Minimize a function with nonlinear conjugate gradient algorithm.
:Parameters:
f -- the Python function or method to be minimized.
x0 : ndarray -- the initial guess for the minimizer.
fprime -- a function to compute the gradient of f.
args -- extra arguments to f and fprime.
gtol : number
stop when norm of gradient is less than gtol
norm : number
order of vector norm to use
epsilon :number
if fprime is approximated use this value for
the step size (can be scalar or vector)
callback -- an optional user-supplied function to call after each
iteration. It is called as callback(xk), where xk is the
current parameter vector.
:Returns: (xopt, {fopt, func_calls, grad_calls, warnflag}, {allvecs})
xopt : ndarray
the minimizer of f.
fopt :number
the value of f(xopt).
func_calls : number
the number of function_calls.
grad_calls : number
the number of gradient calls.
warnflag :number
an integer warning flag:
1 : 'Maximum number of iterations exceeded.'
2 : 'Gradient and/or function calls not changing'
allvecs : ndarray
if retall then this vector of the iterates is returned
:OtherParameters:
maxiter :number
the maximum number of iterations.
full_output : number
if non-zero then return fopt, func_calls, grad_calls,
and warnflag in addition to xopt.
disp : number
print convergence message if non-zero.
retall : number
return a list of results at each iteration if True
:SeeAlso:
fmin, fmin_powell, fmin_cg,
fmin_bfgs, fmin_ncg -- multivariate local optimizers
leastsq -- nonlinear least squares minimizer
fmin_l_bfgs_b, fmin_tnc,
fmin_cobyla -- constrained multivariate optimizers
anneal, brute -- global optimizers
fminbound, brent, golden, bracket -- local scalar minimizers
fsolve -- n-dimenstional root-finding
brentq, brenth, ridder, bisect, newton -- one-dimensional root-finding
fixed_point -- scalar fixed-point finder
Notes
---------------------------------------------
Optimize the function, f, whose gradient is given by fprime using the
nonlinear conjugate gradient algorithm of Polak and Ribiere
See Wright, and Nocedal 'Numerical Optimization', 1999, pg. 120-122.

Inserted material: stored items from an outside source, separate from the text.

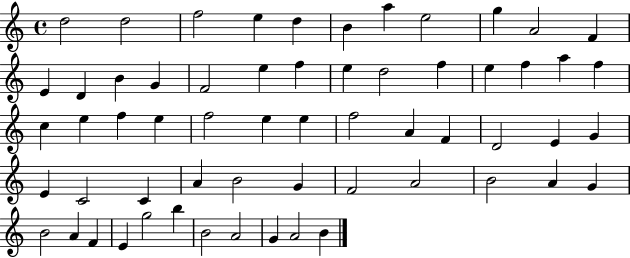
{
  \clef treble
  \time 4/4
  \defaultTimeSignature
  \key c \major
  d''2 d''2 | f''2 e''4 d''4 | b'4 a''4 e''2 | g''4 a'2 f'4 | \break e'4 d'4 b'4 g'4 | f'2 e''4 f''4 | e''4 d''2 f''4 | e''4 f''4 a''4 f''4 | \break c''4 e''4 f''4 e''4 | f''2 e''4 e''4 | f''2 a'4 f'4 | d'2 e'4 g'4 | \break e'4 c'2 c'4 | a'4 b'2 g'4 | f'2 a'2 | b'2 a'4 g'4 | \break b'2 a'4 f'4 | e'4 g''2 b''4 | b'2 a'2 | g'4 a'2 b'4 | \break \bar "|."
} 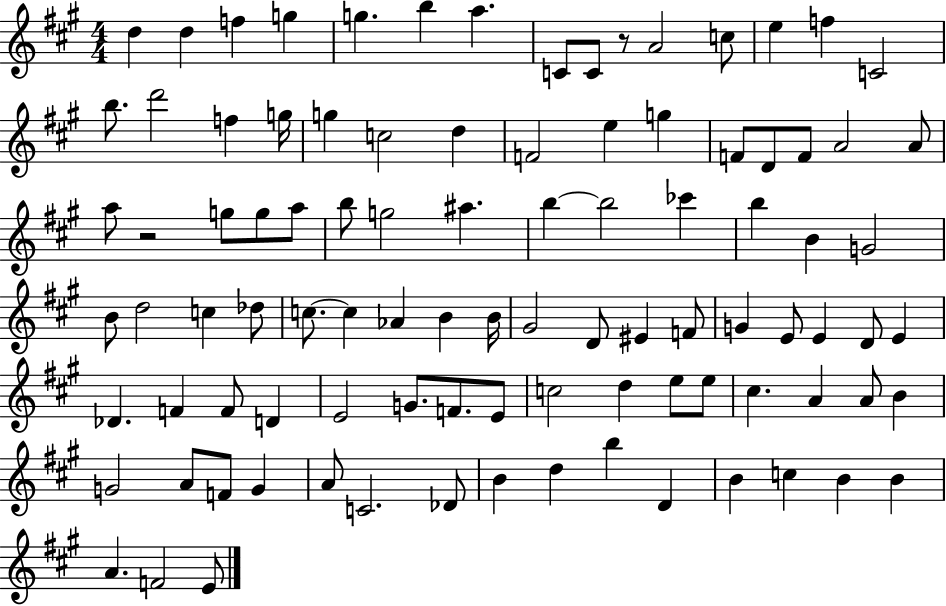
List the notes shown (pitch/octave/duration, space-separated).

D5/q D5/q F5/q G5/q G5/q. B5/q A5/q. C4/e C4/e R/e A4/h C5/e E5/q F5/q C4/h B5/e. D6/h F5/q G5/s G5/q C5/h D5/q F4/h E5/q G5/q F4/e D4/e F4/e A4/h A4/e A5/e R/h G5/e G5/e A5/e B5/e G5/h A#5/q. B5/q B5/h CES6/q B5/q B4/q G4/h B4/e D5/h C5/q Db5/e C5/e. C5/q Ab4/q B4/q B4/s G#4/h D4/e EIS4/q F4/e G4/q E4/e E4/q D4/e E4/q Db4/q. F4/q F4/e D4/q E4/h G4/e. F4/e. E4/e C5/h D5/q E5/e E5/e C#5/q. A4/q A4/e B4/q G4/h A4/e F4/e G4/q A4/e C4/h. Db4/e B4/q D5/q B5/q D4/q B4/q C5/q B4/q B4/q A4/q. F4/h E4/e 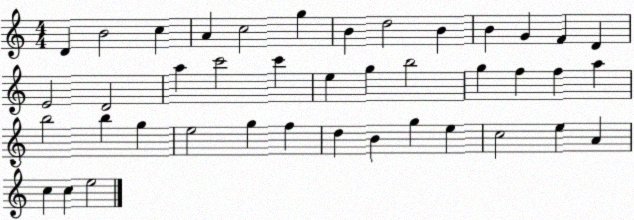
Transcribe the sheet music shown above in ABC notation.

X:1
T:Untitled
M:4/4
L:1/4
K:C
D B2 c A c2 g B d2 B B G F D E2 D2 a c'2 c' e g b2 g f f a b2 b g e2 g f d B g e c2 e A c c e2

Minimize the function f using the Newton-CG method.
:Parameters:
f -- the Python function or method to be minimized.
x0 : ndarray -- the initial guess for the minimizer.
fprime -- a function to compute the gradient of f: fprime(x, *args)

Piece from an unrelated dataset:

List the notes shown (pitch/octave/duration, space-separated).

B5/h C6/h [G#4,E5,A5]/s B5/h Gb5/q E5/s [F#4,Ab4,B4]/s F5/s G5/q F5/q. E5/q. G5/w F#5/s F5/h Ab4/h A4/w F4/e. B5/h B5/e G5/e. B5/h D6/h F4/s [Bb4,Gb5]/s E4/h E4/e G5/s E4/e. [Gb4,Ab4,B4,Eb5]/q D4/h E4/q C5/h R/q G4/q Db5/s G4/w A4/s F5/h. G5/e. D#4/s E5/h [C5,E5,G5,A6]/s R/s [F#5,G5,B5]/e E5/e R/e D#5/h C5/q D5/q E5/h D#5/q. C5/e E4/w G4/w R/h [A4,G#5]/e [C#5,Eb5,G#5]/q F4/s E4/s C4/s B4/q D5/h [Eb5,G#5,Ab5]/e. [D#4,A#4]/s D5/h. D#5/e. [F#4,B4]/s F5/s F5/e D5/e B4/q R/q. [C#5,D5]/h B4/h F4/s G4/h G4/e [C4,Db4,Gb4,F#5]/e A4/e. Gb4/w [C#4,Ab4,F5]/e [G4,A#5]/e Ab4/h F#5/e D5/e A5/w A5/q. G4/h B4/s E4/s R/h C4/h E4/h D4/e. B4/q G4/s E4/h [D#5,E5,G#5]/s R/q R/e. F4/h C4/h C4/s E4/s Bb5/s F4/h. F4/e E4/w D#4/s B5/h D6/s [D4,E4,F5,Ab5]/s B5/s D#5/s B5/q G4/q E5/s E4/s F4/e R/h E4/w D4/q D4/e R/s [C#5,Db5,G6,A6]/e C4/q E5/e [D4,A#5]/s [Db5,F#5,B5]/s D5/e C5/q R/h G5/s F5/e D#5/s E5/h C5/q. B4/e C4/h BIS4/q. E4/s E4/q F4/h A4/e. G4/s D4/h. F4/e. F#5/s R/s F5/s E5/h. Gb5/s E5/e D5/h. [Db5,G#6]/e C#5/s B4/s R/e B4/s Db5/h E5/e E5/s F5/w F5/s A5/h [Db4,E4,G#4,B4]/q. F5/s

fhess_p -- a function to compute the Hessian of f times an
arbitrary vector: fhess_p (x, p, *args)
fhess -- a function to compute the Hessian matrix of f.

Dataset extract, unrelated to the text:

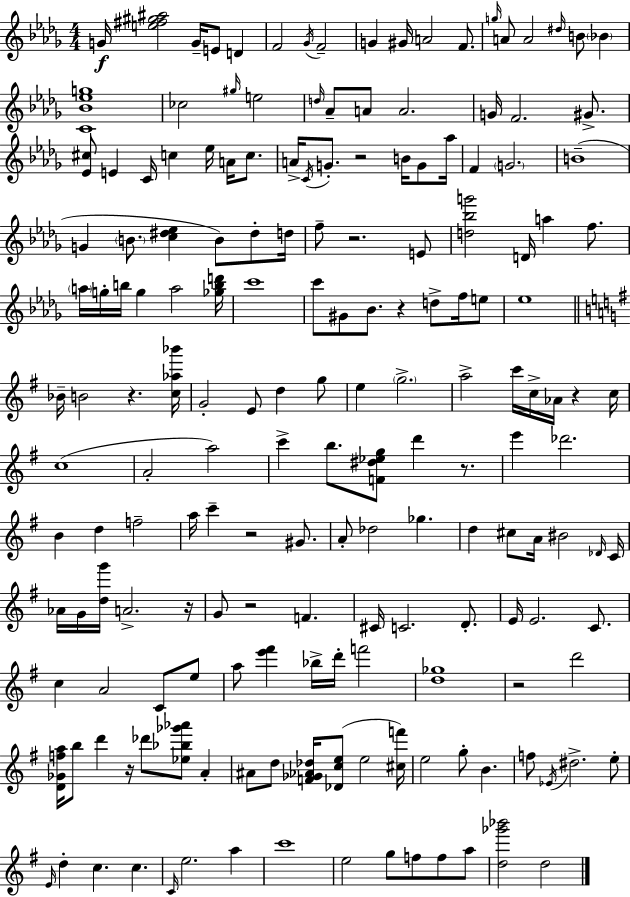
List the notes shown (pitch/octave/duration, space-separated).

G4/s [E5,F#5,G#5,A#5]/h G4/s E4/e D4/q F4/h Gb4/s F4/h G4/q G#4/s A4/h F4/e. G5/s A4/e A4/h D#5/s B4/e Bb4/q [C4,Bb4,Eb5,G5]/w CES5/h G#5/s E5/h D5/s Ab4/e A4/e A4/h. G4/s F4/h. G#4/e. [Eb4,C#5]/e E4/q C4/s C5/q Eb5/s A4/s C5/e. A4/s C4/s G4/e. R/h B4/s G4/e Ab5/s F4/q G4/h. B4/w G4/q B4/e. [C5,D#5,Eb5]/q B4/e D#5/e D5/s F5/e R/h. E4/e [D5,Bb5,G6]/h D4/s A5/q F5/e. A5/s G5/s B5/s G5/q A5/h [Gb5,B5,D6]/s C6/w C6/e G#4/e Bb4/e. R/q D5/e F5/s E5/e Eb5/w Bb4/s B4/h R/q. [C5,Ab5,Bb6]/s G4/h E4/e D5/q G5/e E5/q G5/h. A5/h C6/s C5/s Ab4/s R/q C5/s C5/w A4/h A5/h C6/q B5/e. [F4,D#5,Eb5,G5]/e D6/q R/e. E6/q Db6/h. B4/q D5/q F5/h A5/s C6/q R/h G#4/e. A4/e Db5/h Gb5/q. D5/q C#5/e A4/s BIS4/h Db4/s C4/s Ab4/s G4/s [D5,G6]/s A4/h. R/s G4/e R/h F4/q. C#4/s C4/h. D4/e. E4/s E4/h. C4/e. C5/q A4/h C4/e E5/e A5/e [E6,F#6]/q Bb5/s D6/s F6/h [D5,Gb5]/w R/h D6/h [D4,Gb4,F5,A5]/s B5/e D6/q R/s Db6/e [Eb5,Bb5,Gb6,Ab6]/e A4/q A#4/e D5/e [F4,Gb4,Ab4,Db5]/s [Db4,C5,E5]/e E5/h [C#5,F6]/s E5/h G5/e B4/q. F5/e Eb4/s D#5/h. E5/e E4/s D5/q C5/q. C5/q. C4/s E5/h. A5/q C6/w E5/h G5/e F5/e F5/e A5/e [D5,Gb6,Bb6]/h D5/h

args -- extra arguments for f, fprime, fhess_p, and fhess (the same
set of extra arguments is supplied to all of these functions).
epsilon : number
if fhess is approximated use this value for
the step size (can be scalar or vector)
callback -- an optional user-supplied function to call after each
iteration. It is called as callback(xk), where xk is the
current parameter vector.
:Returns: (xopt, {fopt, fcalls, gcalls, hcalls, warnflag},{allvecs})
xopt : ndarray
the minimizer of f
fopt : number
the value of the function at xopt: fopt = f(xopt)
fcalls : number
the number of function calls
gcalls : number
the number of gradient calls
hcalls : number
the number of hessian calls.
warnflag : number
algorithm warnings:
1 : 'Maximum number of iterations exceeded.'
allvecs : Python list
a list of all tried iterates
:OtherParameters:
avextol : number
Convergence is assumed when the average relative error in
the minimizer falls below this amount.
maxiter : number
Maximum number of iterations to allow.
full_output : number
If non-zero return the optional outputs.
disp : number
If non-zero print convergence message.
retall : bool
return a list of results at each iteration if True
:SeeAlso:
fmin, fmin_powell, fmin_cg,
fmin_bfgs, fmin_ncg -- multivariate local optimizers
leastsq -- nonlinear least squares minimizer
fmin_l_bfgs_b, fmin_tnc,
fmin_cobyla -- constrained multivariate optimizers
anneal, brute -- global optimizers
fminbound, brent, golden, bracket -- local scalar minimizers
fsolve -- n-dimenstional root-finding
brentq, brenth, ridder, bisect, newton -- one-dimensional root-finding
fixed_point -- scalar fixed-point finder
Notes
---------------------------------------------
Only one of fhess_p or fhess need be given. If fhess is provided,
then fhess_p will be ignored. If neither fhess nor fhess_p is
provided, then the hessian product will be approximated using finite
differences on fprime. fhess_p must compute the hessian times an arbitrary
vector. If it is not given, finite-differences on fprime are used to
compute it. See Wright, and Nocedal 'Numerical Optimization', 1999,
pg. 140.
Minimize a function using modified Powell's method.
:Parameters:
func -- the Python function or method to be minimized.
x0 : ndarray
the initial guess.
args -- extra arguments for func
callback -- an optional user-supplied function to call after each
iteration. It is called as callback(xk), where xk is the
current parameter vector
direc -- initial direction set
:Returns: (xopt, {fopt, xi, direc, iter, funcalls, warnflag}, {allvecs})
xopt : ndarray
minimizer of function
fopt : number
value of function at minimum: fopt = func(xopt)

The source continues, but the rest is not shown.